O número choca e convida a uma reflexão que vá além do cinismo da circunstância: mais de 68% dos portugueses, deliberadamente, não votaram nestas europeias. O sol ou a chuva são argumentos tão válidos para o justificar quanto o futebol, os festivais ou qualquer outra frivolidade. Na sua grande maioria, os abstencionistas ignoraram e ignoram o chamamento cívico por preguiça, desleixo ou porque simplesmente não quiseram e não querem saber. Não querem saber da democracia. Ponto.
Sendo certo que perdem alguma da autoridade moral – nunca a legitimidade – para criticar os partidos e as instituições (nacionais e europeias), também os partidos (situação e oposição), mesmo os mais míopes, deveriam reconhecer os sinais de que estão a perder a autoridade para representarem as populações.
Este domingo, nos quartéis-generais das principais forças portuguesas, com mais ou menos champanhe à mistura, todos os líderes partidários e os respetivos cabeças-de-lista na corrida ao Parlamento Europeu alinharam no lero-lero de que a maior abstenção de sempre – tese que os números absolutos de votantes, aliás, contrariam – constituía a wake up call de que o sistema precisava.
E depois? Que ilações retiram dessa insofismável bofetada? Que ideias concretas apresentam para reformar os sistemas eleitoral e político? Que medidas acertam para assegurar mais transparência e lisura no exercício de cargos públicos? Quanto do seu capital de liderança investem na dignificação das funções em que investem alguns dos seus mais próximos? Que esforço dedicam ao combate ao aparelhismo, ao nepotismo e à corrupção? Que diligências tomam para reforçar o sentido cívico crítico dos cidadãos que para eles transferem, através do voto, o poder de decisão? Fazem muito poucochinho, arrisco. Para não dizer nada.
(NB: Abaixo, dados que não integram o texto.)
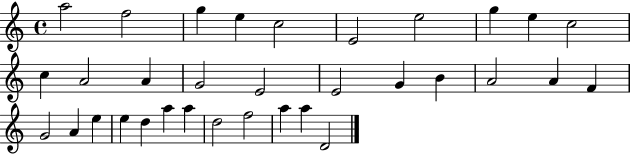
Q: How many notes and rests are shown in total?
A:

Quando António Costa delega a missão de responder ao furacão de endogamia que atravessou o Governo em Carlos César (pai do líder parlamentar do PS-Açores, marido da presidente da Casa da Autonomia, também naquele arquipélago, irmão de um assessor em vários governos socialistas, sogro da chefe de gabinete da secretária regional-adjunta para os Assuntos da Presidência e ainda tio de um quadro da Gebalis, a empresa que gere os bairros sociais em Lisboa), está a fazer mais pela revolta dos eleitores do que qualquer intervenção inflamada de André Ventura.
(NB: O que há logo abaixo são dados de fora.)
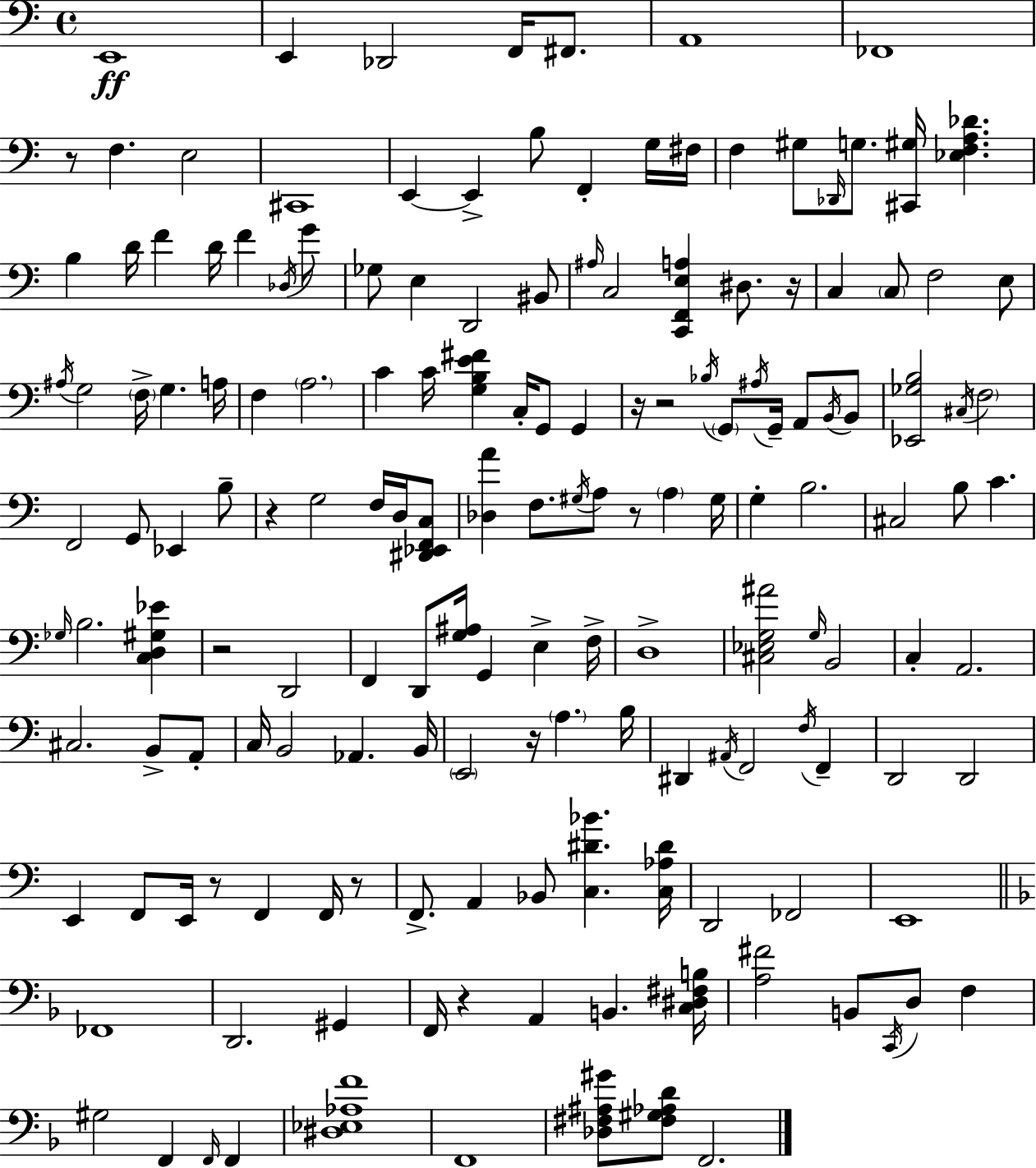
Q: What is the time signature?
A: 4/4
De igual modo, Rui Rio, ao incumbir José Silvano (o deputado que tinha uma colega de bancada a validar-lhe as presenças no Parlamento) de comentar as primeiras projeções da abstenção, encoraja as conclusões populistas de que os que ocupam o poder são todos iguais e de forma alguma mais recomendáveis do que o cidadão comum.
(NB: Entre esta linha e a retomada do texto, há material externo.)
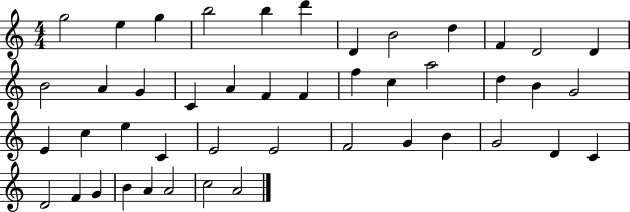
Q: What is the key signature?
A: C major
E doravante quem poderá levar Jerónimo de Sousa a sério quando rasgar as vestes pelos desmandos do setor financeiro, que todos pagamos, depois de Luís Filipe Vieira, um dos alegados campeões das dívidas a bancos, ter jantado com os candidatos da CDU no último dia de campanha eleitoral?
Analisando friamente o quadro que temos diante de nós, há que reconhecer um módico de sensatez aos portugueses. Perante o estado a que chegámos, ao invés de irem às urnas depositar votos irresponsáveis ou mesmo perigosos (como vemos acontecer Europa fora), ficam em casa ou evadem-se para os areais de norte a sul. Sempre é preferível queimarem a pele a derreterem a democracia.
A abstenção, convenhamos, tem essa virtude: apesar da fúria e da sobranceria com que a tentam castigar, lá vai sendo a padroeira de um relativo bom senso e a garantia de um mapa político minimamente salubre. Enquanto não tivermos mais do que esboços ou caricaturas de salvadores do regime – dos quais devemos desconfiar -, agradeçamos a liberdade de não votar que a Constituição garante a todos, especialmente aos alienados. Por mais assustador que nos pareça.